Implementation of NICE clinical guideline 95 on chest pain of recent onset: experience in a district general hospital
- Julian OM Ormerod, cardiology specialist registrarA,
- Caroline Wretham, cardiology matronB,
- Andy Beale, consultant radiologistC,
- Douglas Haynes, cardiology specialty doctorD,
- Iwan Harries, cardiology specialist registrarE,
- Steve Ramcharitar, consultant cardiologistF,
- Paul W Foley, consultant cardiologistG,
- William A McCrea, consultant cardiologistH,
- Badri Chandrasekaran, consultant cardiologistI and
- Edward Barnes, consultant cardiologistJ⇑
- AWiltshire Cardiac Centre, Swindon, UK
- BWiltshire Cardiac Centre, Swindon, UK
- CDepartment of Radiology, Great Western Hospital, Swindon, UK
- DWiltshire Cardiac Centre, Swindon, UK
- EWiltshire Cardiac Centre, Swindon, UK
- FWiltshire Cardiac Centre, Swindon, UK
- GWiltshire Cardiac Centre, Swindon, UK
- HWiltshire Cardiac Centre, Swindon, UK
- IWiltshire Cardiac Centre, Swindon, UK
- JWiltshire Cardiac Centre, Swindon, UK
- Address for correspondence: Dr E Barnes, Wiltshire Cardiac Centre, Great Western Hospital, Marlborough Road, Swindon SN3 6BB, UK. Email: edward.barnes{at}gwh.nhs.uk
ABSTRACT
The National Institute for Health and Care Excellence (NICE) CG95 clinical guideline on chest pain of recent onset was published in 2010. There is debate over whether the proposed strategy improves patient care and its implications on service costs.
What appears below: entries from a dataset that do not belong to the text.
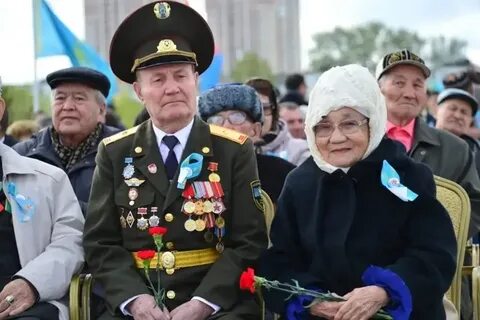 Бөксесін көтеріп тұрған жалаңаш қыздардың суреттері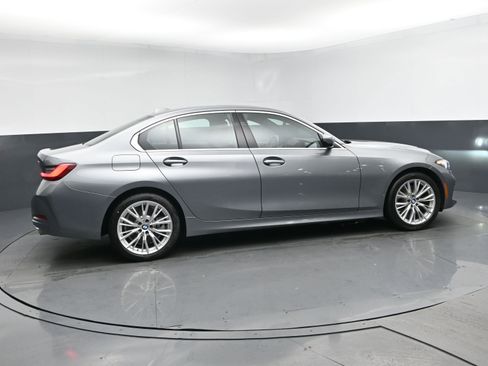 Used 2024 BMW 330i Sedan image 3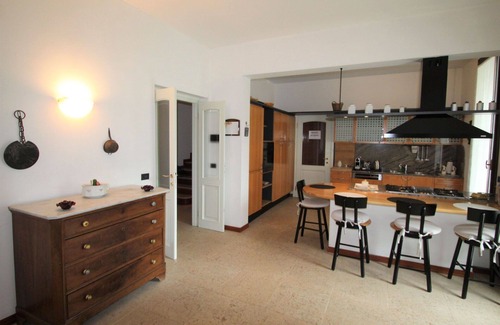 Castronno Villa | Wonderful private villa for 10 guests with WIFI, A/C, TV, terrace and parking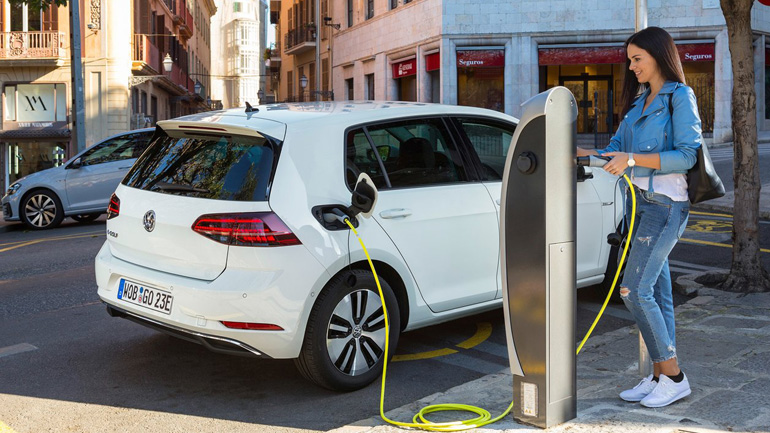 Η VW έφθασε τα 250.000 ηλεκτρικά και plug-in hybrid αυτοκίνητα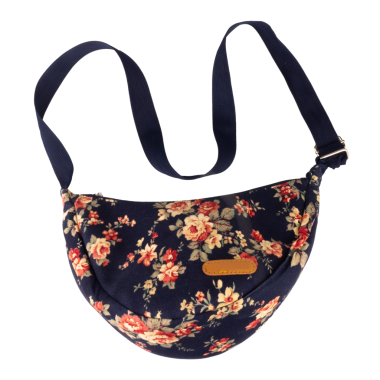 Lacivert çiçek desenli çanta beyaz arka planda izole edilmiş..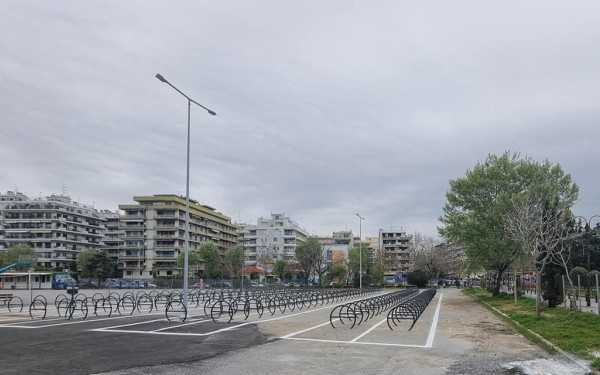 Έτοιμο το πάρκινγκ ποδηλάτων μπροστά από το Μέγαρο Μουσικής (φωτ.)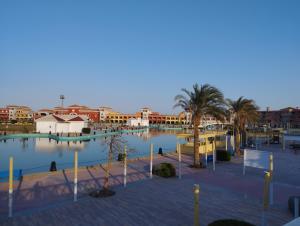 una gran piscina con palmeras y edificios en Chalets in Porto Sharm en Sharm El Sheikh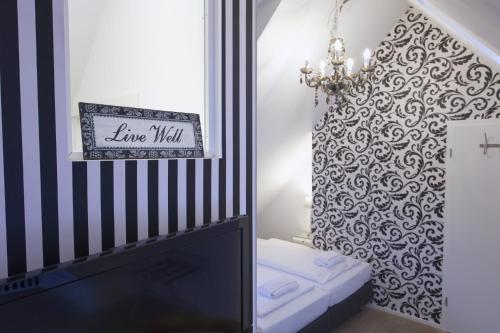 a baby room with a black and white striped wall at Villa Delange in Landau in der Pfalz
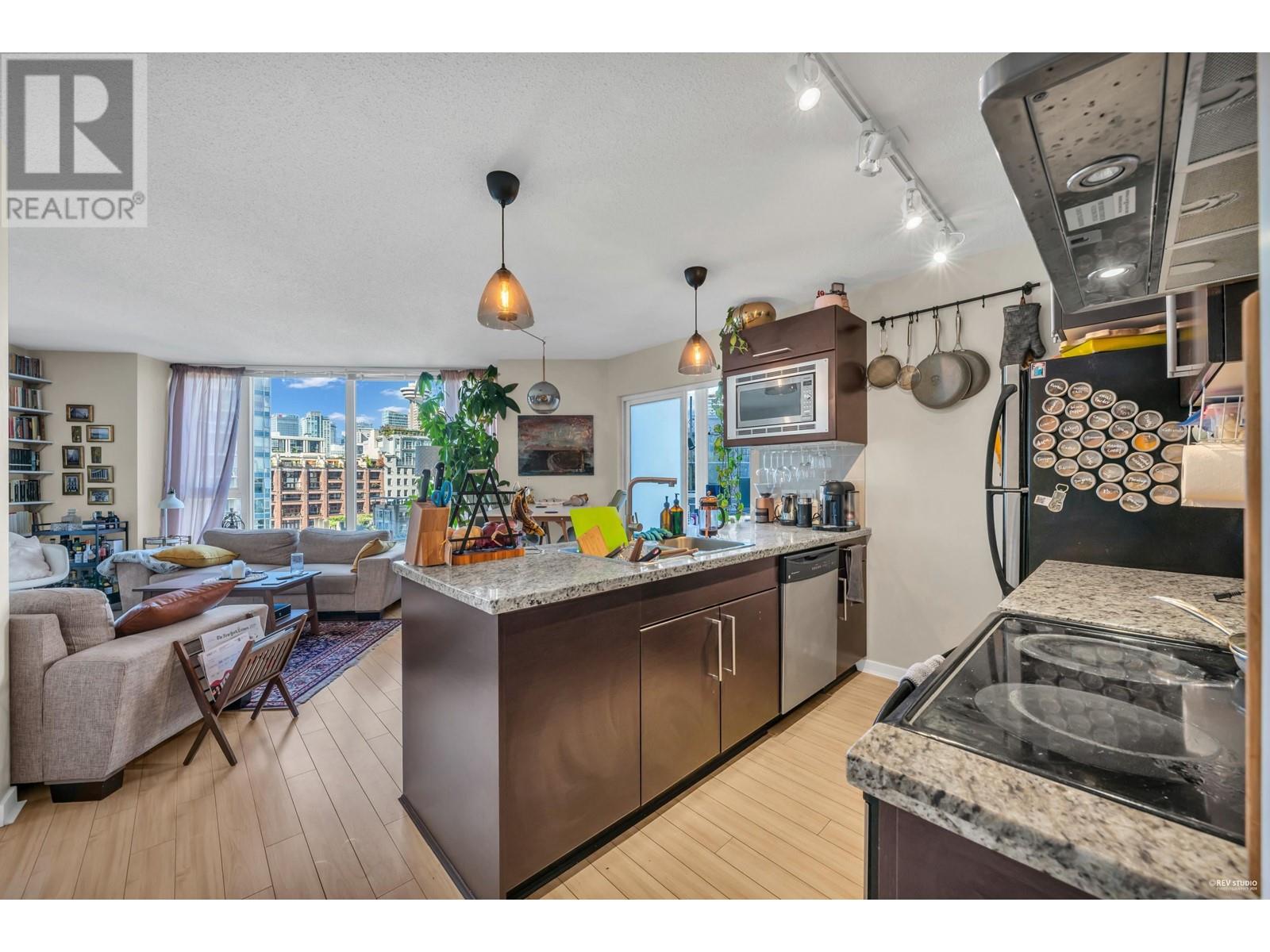 Listing Picture 8 of 33 : 901 689 ABBOTT STREET, Vancouver / 溫哥華 - 魯藝地產 Yvonne Lu Group - MLS Medallion Club Member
Following a six-month pilot, 472 consecutive patient records were audited for pre-test probability of significant coronary artery disease, investigations performed and outcomes. Low- and moderate-risk patients had an unexpectedly low rate of coronary disease and revascularisation. Computerised tomography coronary angiography (CTCA) and stress echocardiography performed similarly, though the latter was more resource intensive. High-/very high-risk patients frequently required revascularisation and greater than 10% of each group had prognostically significant disease, going against the recommendation that very high risk patients do not undergo angiography. There were frequent protocol deviations and training clinic staff in the new approach was challenging. In conclusion, implementing NICE CG95 is feasible but presents challenges. Staff require training to follow the protocol consistently. Functional testing had no benefits over anatomical testing with CTCA, which may allow cost savings in some departments.